West African Linguistic Society / Société de Linguistique de L'Afrique de l'Ouest
- Abbreviation: WALS / SLAO
- Formation: 1965; 61 years ago
- Type: Non-profitable Society of Academics.
- Region served: West Africa
- Members: All registered researchers on the languages and literatures of West Africa (1965)
- Official language: English, French and all indigenous languages of West Africa
- Owner: West African Researchers in the languages and literatures of the Sub-region
- President: Lendzemo Constantine Yuka
- Key people: Prof. Lendzemo Constantine Yuka, Dr. Djibril Silue, Prof. Ayo Bamgbgose, Prof. Ben Elugbe, Prof. Firmin Ahoua, Prof. Adams Bodomo, Prof. Francis Egbokhare, Prof. Akinlabi Akinbiyi, Prof. Gbeto Flavien, Prof. Harrison Adeniyi, Prof. Emelda Udo, Prof Lynell Zogbo
- Main organ: Members of Council
- Publication: Journal of West African Languages
- Subsidiaries: Linguistic Association of Nigeria, Linguistic Association of Ghana, Linguistic Association of Cote d'Ivoire, Linguistic Association of Benin
- Revenue: (Membership Annual Dues)
- Website: www.westafricanlinguisticsociety.org

= West African Linguistic Society =

Academic non-profit society

The West African Linguistic Society (French: Société de Linguistique de l’Afrique de l’Ouest)(abbreviated as WALS or SLAO) is an academic scholarly society formed in 1965 to encourage research in the West African languages and literature. Every other year, WALS hosts a conference for its members to meet and discuss current issues in African linguistic research. The society also publishes the Journal of West African Languages. Its current headquarters are in Benin City, Nigeria.

== Purpose ==

Language families of West Africa

WALS fosters research on West African languages and provides a permanent forum for interaction and exchange of ideas among African-language scholars. WALS additionally aims to foster conversation among language boundaries between Anglophone and Francophone West Africa.

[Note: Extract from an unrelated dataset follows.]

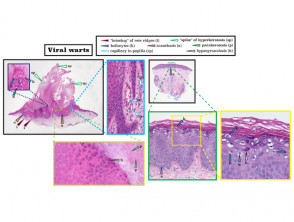 Histopatología de la verruga viral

WALS is a non-profit organization. Throughout its establishment, WALS has helped develop programs in African linguistics at a variety of universities in the region.

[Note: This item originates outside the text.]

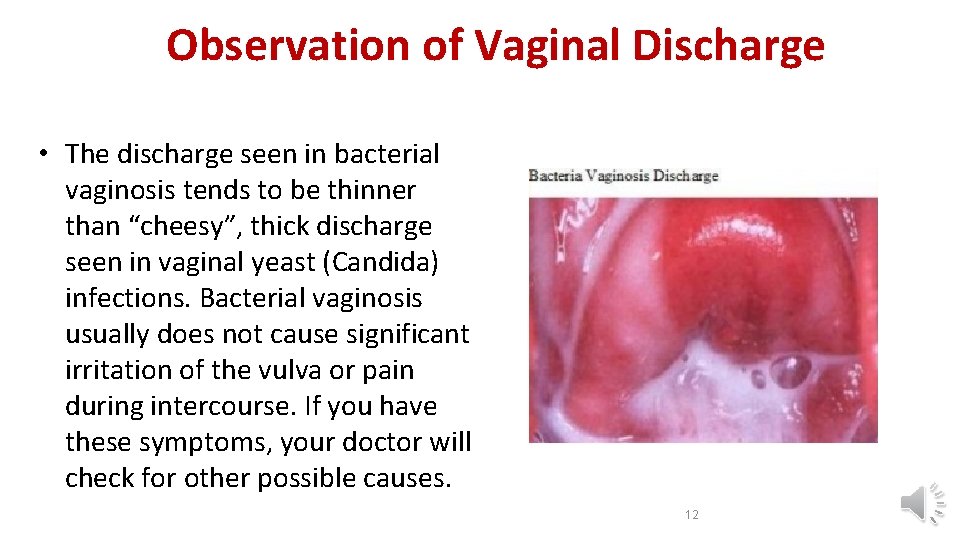 Observation of Vaginal Discharge • The discharge seen in bacterial vaginosis tends to be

The society has a number of working groups that focus on more specific topics, such as French and English language education and African short story creation.

== Programming ==
WALS hosts a biennial congress on West African linguistic research.
 Past locations of the congress meeting have been in numerous countries, such as Ghana, Cameroon, and Nigeria. As its members often either speak English or French, hosting countries alternate between Anglophone and Francophone ones.

WALS is now a member of the Federation Internationale des Langues et Literatures Modernes (FILLM).

== Membership ==
Membership of WALS is largely drawn from academics and researchers in universities and research institutes. Members primarily come from West African countries, but include scholars from all over the world, including countries such as the United States and Austria. Professor Lendzemo Constantine Yuka of the University of Benin is the current president of WALS.

Notable members have included:

- Joseph Greenberg, American linguist who classified West African languages
- Kay Williamson, British linguist who specialized in Ijo languages of south-eastern Nigeria
- Adams Bodomo, professor of African linguistics at the University of Vienna
- Lynell Zogbo, Bible translator of African languages
- Francis Egbokhare, Nigerian academic and linguist
- Imelda Udoh, professor of linguistics specializing in phonology at University of Uyo

==Relevant Literature==
- Lendzemo Constantine Yuka and Adams Bodomo. 2022. "Towards the development of linguistics in West Africa: The contributions of the West African Linguistic Society." Beyond Babel: Scholarly organizations and the study of languages and literature, Tom Clark (Editor), pp. 43-58. John Benjamins.